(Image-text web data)
^^^^^^^^

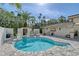 Inviting backyard features a sparkling pool and tropical landscaping at 4108 Roberts Point Rd, Sarasota, FL 34242
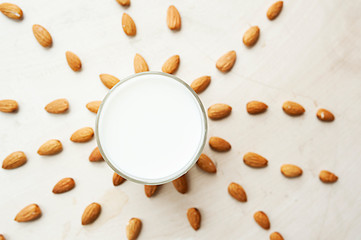 transparent mug full of milk on the background of beautifully spread almonds. Almond milk, top view
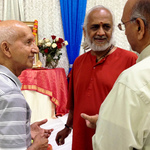 Swami Ramakrishnananda talking to devotees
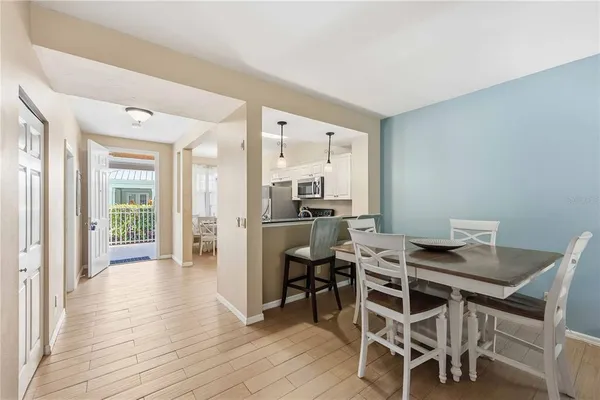 a view of a dining room with furniture and wooden floor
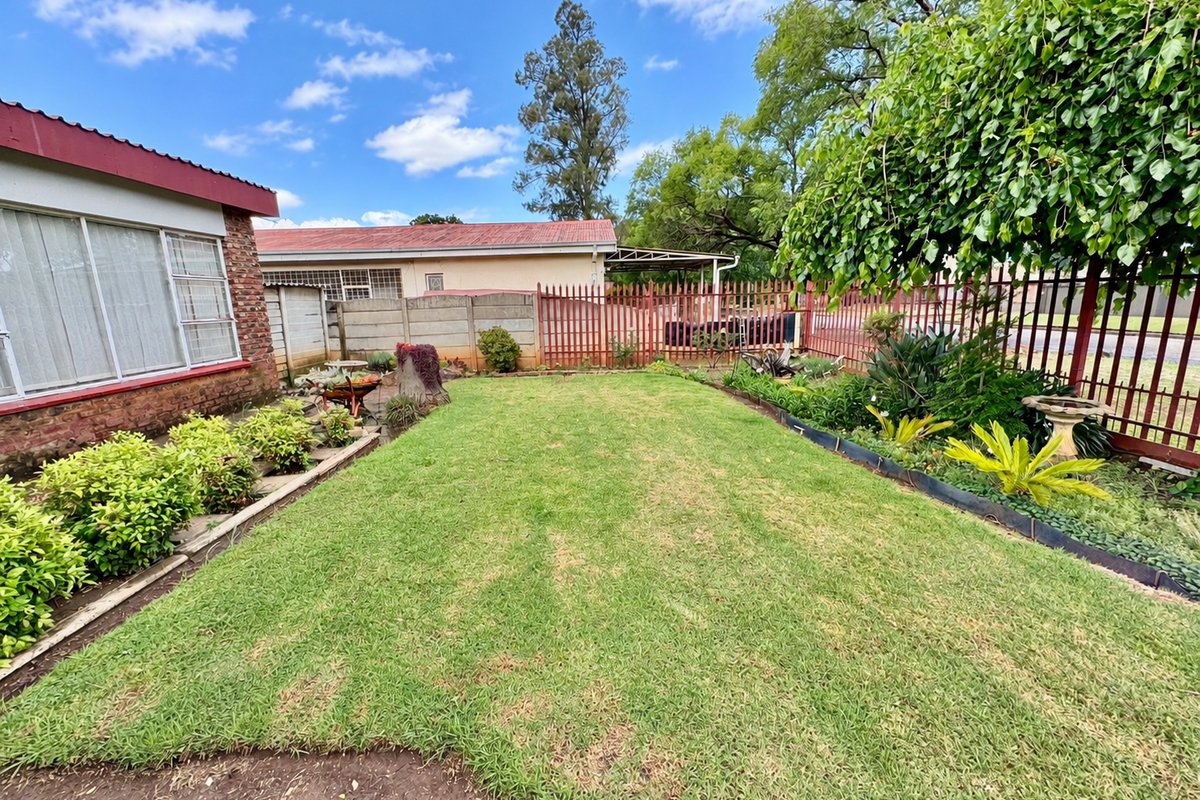 A well-maintained rear garden featuring a manicured lawn, established garden beds, and secure perimeter fencing with a concrete boundary wall.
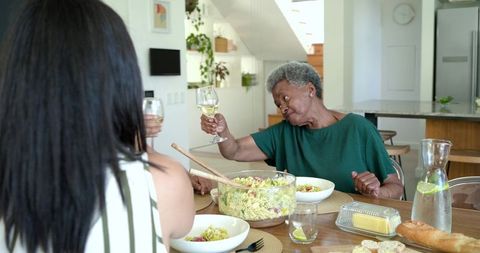 Multigenerational african american women toasting over pasta salad in sunny kitchen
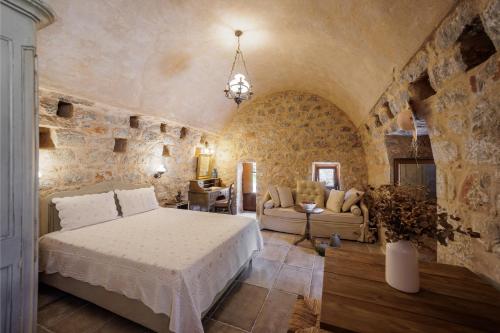 a bedroom with a bed and a stone wall at Arapakis Historic Castle in Pirgos Dhirou
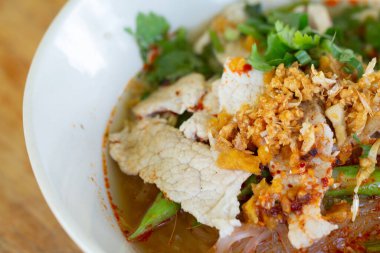 Baharatlı erişte çorbası, domuz eti, sebze ve ahşap masada servis edilen domuz eti..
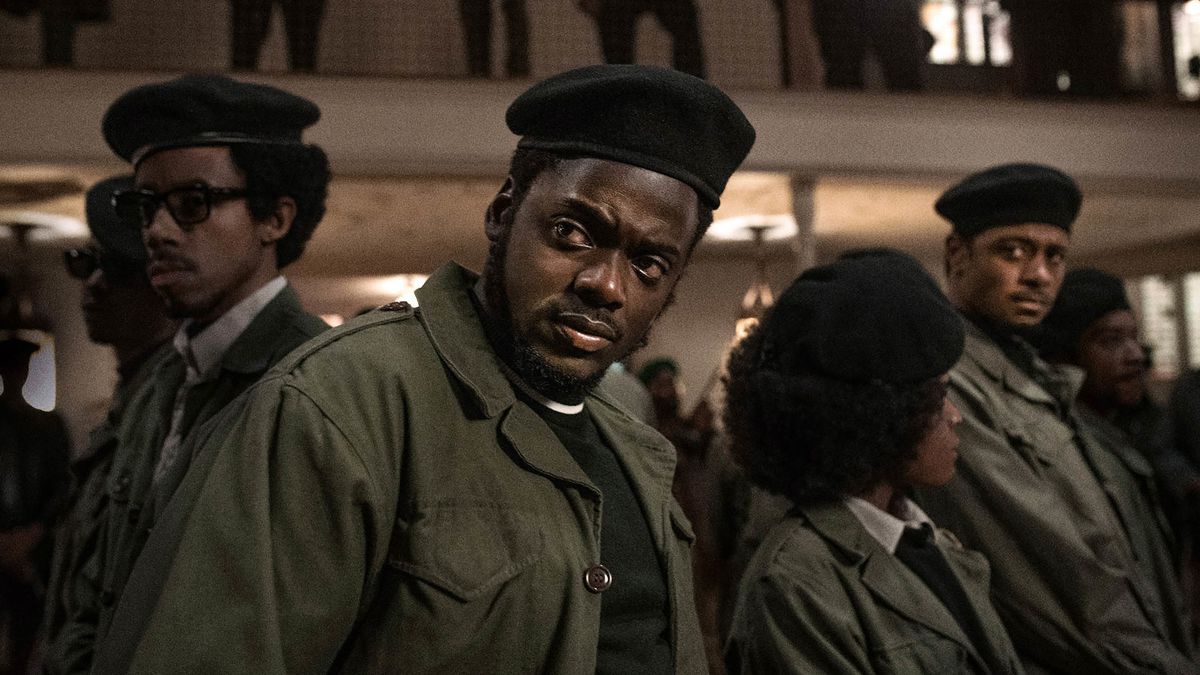 A group of Black Panthers stand looking warily, with Fred Hampton (played by Daniel Kaluuya) at the front of the group.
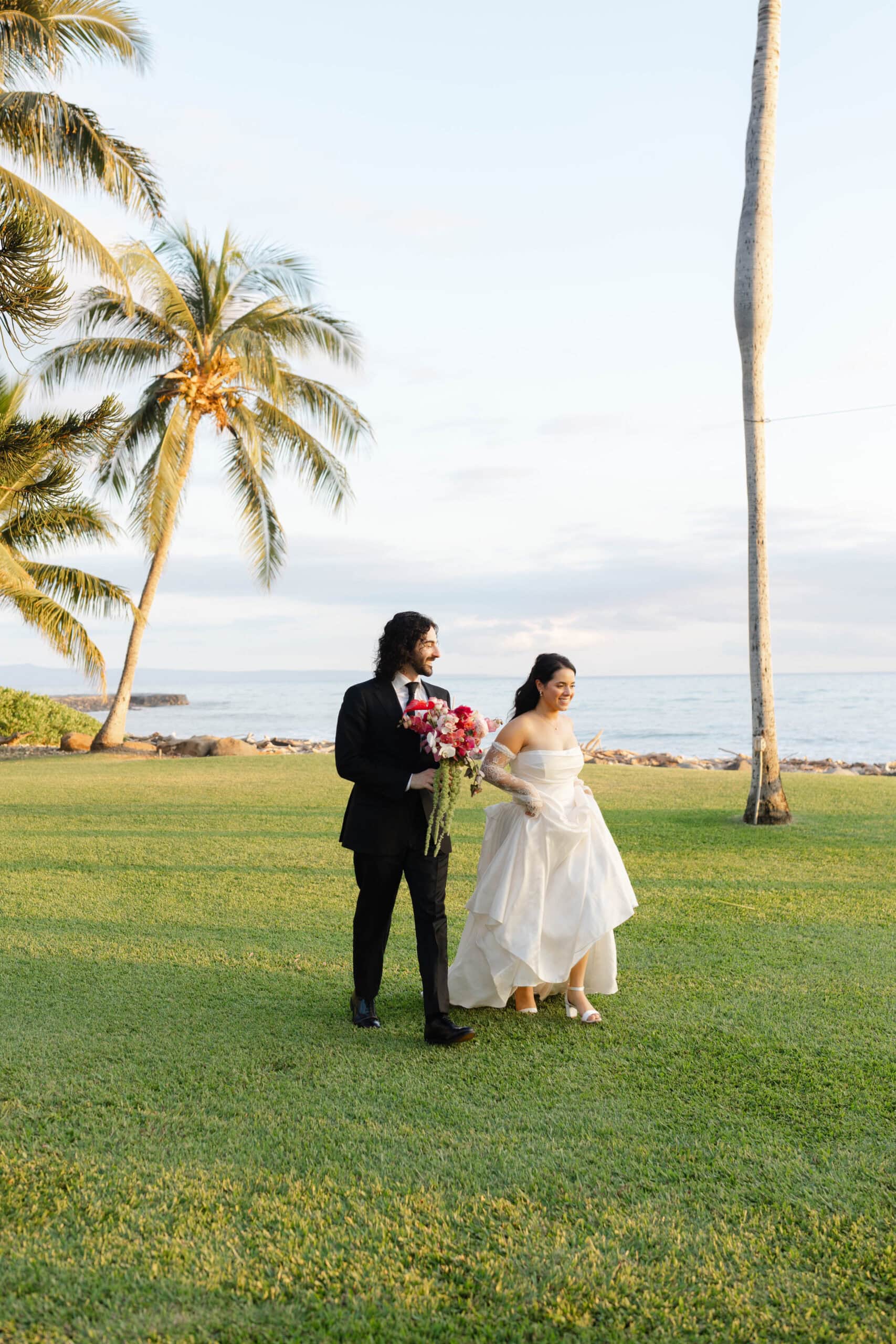 A bride and groom walking through their Maui wedding venue, Olowalu Plantation House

^^^^^^^^

→ WHAT THE EXERCISE ASKS: Return each record above as it stands. Pictures stay out.

→ EXERCISE SOLUTION:
 Inviting backyard features a sparkling pool and tropical landscaping at 4108 Roberts Point Rd, Sarasota, FL 34242
 transparent mug full of milk on the background of beautifully spread almonds. Almond milk, top view
 Swami Ramakrishnananda talking to devotees
 a view of a dining room with furniture and wooden floor
 A well-maintained rear garden featuring a manicured lawn, established garden beds, and secure perimeter fencing with a concrete boundary wall.
 Multigenerational african american women toasting over pasta salad in sunny kitchen
 a bedroom with a bed and a stone wall at Arapakis Historic Castle in Pirgos Dhirou
 Baharatlı erişte çorbası, domuz eti, sebze ve ahşap masada servis edilen domuz eti..
 A group of Black Panthers stand looking warily, with Fred Hampton (played by Daniel Kaluuya) at the front of the group.
 A bride and groom walking through their Maui wedding venue, Olowalu Plantation House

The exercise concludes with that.